5. The stylized image description generation method based on cross-media unentangled representation learning as described in claim 1, characterized in that, The specific implementation steps of S4 are as follows: S41: After completing the model parameter updates in S2 and S3, fix the model parameters of the image variational autoencoder and the text variational autoencoder; for the text variational autoencoder module, use the reparameterization technique to sample from the posterior distribution of the stylized image description text and take the average to obtain a fixed general style representation. ,and Regarding style Its general style is denoted as Regarding style Its general style is denoted as ; S42: For the image variational autoencoder module, the same reparameterization technique as in S41 is used to sample and obtain a style representation specific to each image. , and facts ; S43: The style and factual representations of the images and texts obtained from S41 and S42 are input into the capsule network aggregation module for aggregation. The capsule network aggregation includes input capsules and output capsules. The two input capsules are: and ,in and For learnable matrix parameters, Each output capsule represents a converged cross-media representation. Each part; each input capsule have Voting vectors: , to represent the contribution of style information extracted from the image or descriptive text to the output capsule, the j-th voting vector is represented as: In the formula: Represents the learnable weight matrix; Each output capsule Defined as: Where: Coupling coefficient Measured and The amount of information transmitted between them , The calculation method is as follows: in: Measurement of input capsules and output capsule The coupling between them is initialized to 0 and updated by the following formula: Subsequently, a nonlinear compression function is applied to map the length of the output capsule to a range between 0 and 1 to characterize the probability: in: Indicates the modulus. Represents the square of the modulus; Finally, the style corresponding The output capsules are connected to form a style. Corresponding aggregated cross-media style representation And then, according to the facts Connecting them together forms the final feature representation, which will define the style. The corresponding final feature representations are input into the descriptive text generator to generate styled text. Stylized descriptions of text.
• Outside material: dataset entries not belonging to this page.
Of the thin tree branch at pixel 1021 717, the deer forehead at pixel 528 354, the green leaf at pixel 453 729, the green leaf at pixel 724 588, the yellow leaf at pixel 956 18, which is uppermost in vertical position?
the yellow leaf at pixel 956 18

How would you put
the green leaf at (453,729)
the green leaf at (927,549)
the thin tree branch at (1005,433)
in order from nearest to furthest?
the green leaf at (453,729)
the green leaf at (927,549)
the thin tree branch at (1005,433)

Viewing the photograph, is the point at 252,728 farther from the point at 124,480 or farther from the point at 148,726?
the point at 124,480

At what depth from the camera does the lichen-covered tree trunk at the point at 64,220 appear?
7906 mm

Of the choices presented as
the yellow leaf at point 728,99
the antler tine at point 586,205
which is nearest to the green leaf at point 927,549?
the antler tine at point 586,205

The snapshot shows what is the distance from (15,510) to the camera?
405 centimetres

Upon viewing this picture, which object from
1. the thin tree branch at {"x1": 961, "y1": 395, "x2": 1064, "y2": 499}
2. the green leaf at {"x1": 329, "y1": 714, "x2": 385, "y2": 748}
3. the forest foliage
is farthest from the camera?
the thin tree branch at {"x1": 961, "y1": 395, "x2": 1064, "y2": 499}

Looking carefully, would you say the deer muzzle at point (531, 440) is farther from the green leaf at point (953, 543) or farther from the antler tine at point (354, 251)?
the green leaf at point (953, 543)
6. The stylized image description generation method based on cross-media unentangled representation learning as described in claim 5, characterized in that, The descriptive text generator is implemented using an LSTM network.
7. The stylized image description generation method based on cross-media unentangled representation learning as described in claim 5, characterized in that, In the descriptive text generator, the final feature representation of the input is generated by performing greedy decoding, resulting in a text with style. Image-styled descriptive text.
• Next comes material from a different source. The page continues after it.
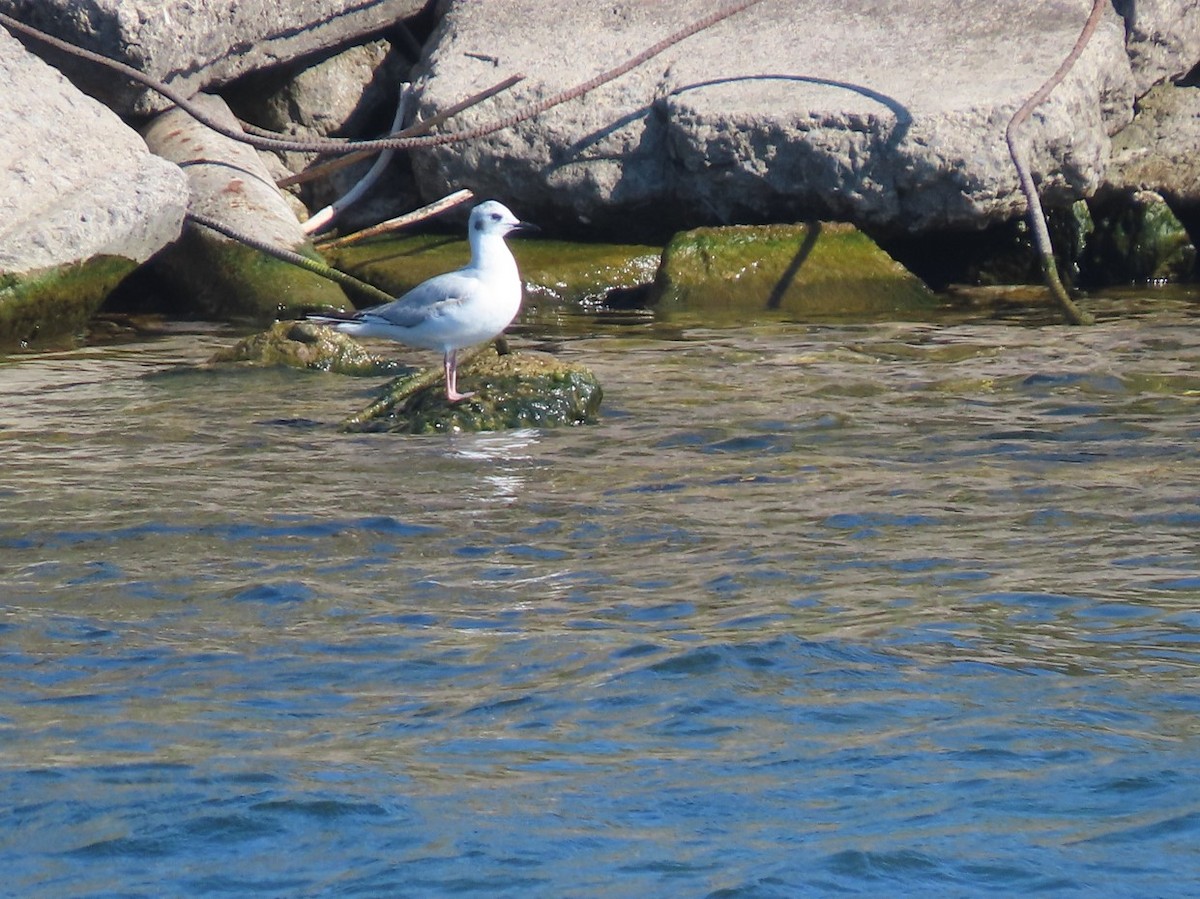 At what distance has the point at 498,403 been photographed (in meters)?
7.61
8. The stylized image description generation method based on cross-media unentangled representation learning as described in claim 1, characterized in that, In step S5, the loss function for training the stylized image description generation model is cross-entropy loss.
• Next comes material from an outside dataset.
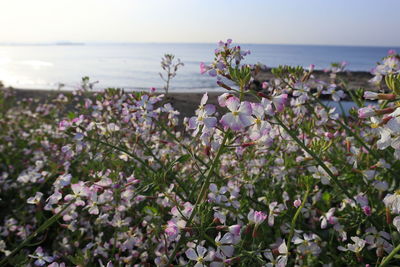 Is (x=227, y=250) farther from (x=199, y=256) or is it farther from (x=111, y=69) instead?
(x=111, y=69)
9. The stylized image description generation method based on cross-media unentangled representation learning as described in claim 1, characterized in that, In step S6, after the target image is input into the stylized image description generation model, the target image-specific style representation and factual representation are first obtained through the image variational autoencoder trained in step S2. Then, the target image-specific style representation is input into the capsule network aggregation module and aggregated with the general style representation obtained during training to form an aggregated cross-media style representation. After being connected with the target image-specific factual representation, it is input into the descriptive text generator trained in step S5 to perform beam search and generate image description text of the corresponding style.